Блуждание является существенным антиподом по отноше­нию к первоначальной сущности, истине. Блуждание открыва­ется как открытость для всякого действия, противоположного существу истины. Блуждание — это открытое место и причина заблуждения. Заблуждение — это не отдельная ошибка, а гос­подство истории сложных, запутанных способов процесса блуждания. Всякое отношение сообразно своему выявлению и своей связи с сущим в целом имеет каждый раз свой особый способ как своеобразный момент блуждания. Заблуждение образует ряд от обычного проступка, недосмотра или просчета до скольжении и промахов в важных поступках и решениях. Однако, то, что обычно — это относится также и к философ­ским учениям — считают ошибкой — неправильность сужде­ния и ложность познания,— это только один из моментов (способов) процесса блуждания, притом самый поверхно­стный. Путь блужданий, которым в зависимости от обстоя­тельств должно идти историческое человечество, чтобы его поступь была ошибочной, составляет существенную часть открытости наличного бытия человека. Путь блужданий увле­кает человека, окутывая его ложью. Окутывая человека ложью, заблуждение, однако, в то же время создает возмож­ность, которую человек способен выделить из эк-зистенции, а именно не поддаваться заблуждению, в то время как он сам узнает его, не проникая в тайну человека.

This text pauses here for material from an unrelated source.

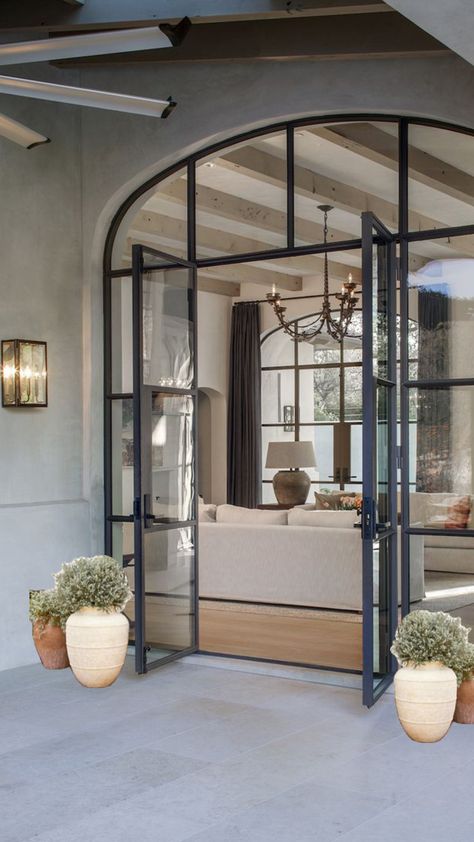 Window Above Front Door, Modern Spanish Farmhouse, French Doors Living Room, Arched French Doors, Window Walls, Modern Interior Door, Slider Door, Steel Windows, Arched Doors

И так как ин-зистентная эк-зистенция человека идет путем блужданий, и так как блуждание как обман так или иначе его угнетает и он в силу этой угнетенности доходит до тайны, тайны забвения, человек в эк-зистенции своего наличного бытия одновременно подвластен силе тайны и угнетенности заблуждения. Он — в тисках принуждения как со стороны тайны, так и со стороны заблуждения. Сущность истины, заключающая в себе в своей полноте самую близкую ей, свою собственную ближайшую несущность, этим своим постоянным изменением колебаний держит человека в принуждении. Бытийность — это скатывание к принуждению. От наличного бытия человека, и только от него одного, исходит раскрытие необходимости и как ее следствие возможное перенесение в неизбежность.

Раскрытие сущего как такового само по себе есть одновре­менно сокрытие сущего в целом. Через одновременность раскрытия и сокрытия властно пролегает путь блужданий. Сокрытие сокрытого и путь блужданий сходятся у истоков первоначальной сущности истины. Свобода, постигаемая из ин-зистентной эк-зистенции человека, является сущностью истины (в смысле правильности пред-ставления) только пото­му, что сама свобода происходит из первоначальной сущности истины, из господства тайны на пути блужданий человека. Допущение бытия сущего совершается в открытом отношении. Однако, допущение бытия сущего как такового в целом про­исходит сообразно с сущностью лишь тогда, когда она, как это иногда бывает, перенимается в ее изначальной сущности. Тогда уже близится раскрытость тайны. Тогда вопрос о сущ­ности истины звучит как вопрос о ее происхождении. Тогда становится ясной основа переплетения сущности истины с истиной сущности. Проникновение в тайну блужданий есть не что иное, как постановка единственного вопроса, вопроса о том, что такое сущее как таковое в целом. Этот вопрос мыс­лится как допускающий много блужданий вокруг своей сущности и поэтому в силу своей многозначности еще недоста­точно отшлифованный, вопрос о бытии сущего. Мышление о бытии, из которого изначально возник такой вопрос, начиная с Платона, понимается как “философия”, а позднее называ­ется “метафизикой”.